On the gas price front, Bush reiterated his call for more drilling off the East and West Coasts and in Alaska.
"The only thing standing between these vast resources and the American people is action from Congress," he said. "The sooner Congress lifts the ban, the sooner we can get these resources from the ocean floor to the refineries to the gas pump."
There were two bans restricting drilling off most of the U.S. coast - one from the President and one from Congress.
On Monday Bush lifted the executive ban, putting pressure on the Democratic-controlled Congress to do the same.
So far, the Democrats have resisted calls for more drilling, arguing the amount of oil it would bring to market would have little effect on prices, and the nation's efforts would be better spent developing alternatives to oil and focusing on conservation.

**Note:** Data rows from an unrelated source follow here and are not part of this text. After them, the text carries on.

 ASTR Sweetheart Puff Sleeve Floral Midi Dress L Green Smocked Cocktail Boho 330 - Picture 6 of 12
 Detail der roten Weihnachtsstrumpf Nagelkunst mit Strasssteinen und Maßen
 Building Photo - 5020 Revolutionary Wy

Bush agreed with one main argument for restricting drilling - that it would take years for the new supplies to come online. But still, he said that's no reason to not act.
"There's a psychology in the market that says supplies will stay stagnant while demand rises," he said. "It seems to make sense to say to the world that we're going to explore for oil and gas, to send a message that supplies will increase."

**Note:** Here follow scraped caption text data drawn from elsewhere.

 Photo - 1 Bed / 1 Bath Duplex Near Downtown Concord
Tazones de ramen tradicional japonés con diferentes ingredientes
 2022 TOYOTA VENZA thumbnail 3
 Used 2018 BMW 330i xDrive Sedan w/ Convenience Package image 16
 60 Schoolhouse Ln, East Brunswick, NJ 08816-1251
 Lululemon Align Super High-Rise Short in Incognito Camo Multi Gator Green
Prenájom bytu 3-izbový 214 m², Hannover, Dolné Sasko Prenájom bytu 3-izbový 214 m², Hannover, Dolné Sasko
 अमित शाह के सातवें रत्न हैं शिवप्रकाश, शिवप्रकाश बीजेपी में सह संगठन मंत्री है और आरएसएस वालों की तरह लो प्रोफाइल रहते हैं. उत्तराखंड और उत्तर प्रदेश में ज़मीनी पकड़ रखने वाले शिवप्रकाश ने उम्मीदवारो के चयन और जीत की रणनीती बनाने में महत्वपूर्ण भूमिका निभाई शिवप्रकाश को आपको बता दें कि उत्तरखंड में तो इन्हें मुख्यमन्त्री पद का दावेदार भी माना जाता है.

Bush rebuffed calls by some Democrats to release some oil from the nation's Strategic Petroleum Reserve in an attempt to lower gas prices.
"The SPR is for emergencies," he said. "That doesn't address the fundamental issue."
Democrats took the emergency comment as a chance to pounce.
"Whether the president knows it or not, there is an emergency in our country," House Speaker Nancy Pelosi, D-Calif., said in a statement after Bush's news conference.
Pelosi again called for the President to release a small amount of oil from the SPR.
Bush's speech comes at a time when the nation is focused on economic issues. While the economy is not technically in a recession, news on the economic front has not been good.
Home prices are down about 15% nationwide over the last year, according to a recent numbers from the Case/Shiller home price index. The economy has lost jobs for the last six months in a row. And Wall Street has moved into a bear market, with stocks trading 20% below recent highs.
"When will the economy turn around? I'm not an economist," said Bush, responding to a reporter's question. "But I do believe we're growing. I'm an optimist, and there are a lot of positive things about our economy."